What you’ll learn in this episode of Getting Granular:

  • How Jordon started Granular (1:11)
  • Why he got interested in PPC (12:58)
  • What the landscape was when he started (17:28)
  • Thoughts on automation (20:05)
  • Changes to the landscape since he started (22:22)
  • Prediction on future changes in PPC (25:51)
  • Is the end of the keyword near? (30:34)
  • His personal approach to account management (35:05)
  • Success with new platforms and rolling them out to clients (38:20)
  • Inspiration for the culture at Granular (42:56)

Episode Transcription

Narrator: Welcome to Getting Granular, the podcast where digital marketing experts from the agency Granular talk about the latest trends, tried and true best practices, and share their unfiltered thoughts about the industry.
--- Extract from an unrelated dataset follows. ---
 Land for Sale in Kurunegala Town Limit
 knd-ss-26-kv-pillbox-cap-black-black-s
Whether you’re here to learn how to grow your business, improve your digital skills, or just want to hear some Midwest PPC experts rant about digital media, you’ve come to the right place.

Chris: Thanks again for tuning into the Getting Granular Podcast. Once again, I am Chris Cesar, Senior Manager of Paid Media here at Granular, and we’re joined with a very special guest today, Jordon Meyer. Welcome.
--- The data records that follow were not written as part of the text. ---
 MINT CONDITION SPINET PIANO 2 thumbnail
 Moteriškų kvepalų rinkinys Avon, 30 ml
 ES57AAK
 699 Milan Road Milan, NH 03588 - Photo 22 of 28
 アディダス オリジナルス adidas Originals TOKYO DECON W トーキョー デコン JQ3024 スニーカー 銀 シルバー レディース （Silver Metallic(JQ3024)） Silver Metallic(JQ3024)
Jordon: Thanks for having me, Chris. What a pleasure to be here.

Chris: So if anyone is unfamiliar with who Jordon is, he’s the big guy that writes all the paychecks. He’s our owner, our CEO, I guess what’s exactly your title, Jordon?

Jordon: Everything. Founder, President, CEO, garbage man, treat buyer, floor sweeper, you name it.

Chris: All right. Very cool. Well, thanks for taking the time to do this today. We’re excited to talk about how you got started in PPC.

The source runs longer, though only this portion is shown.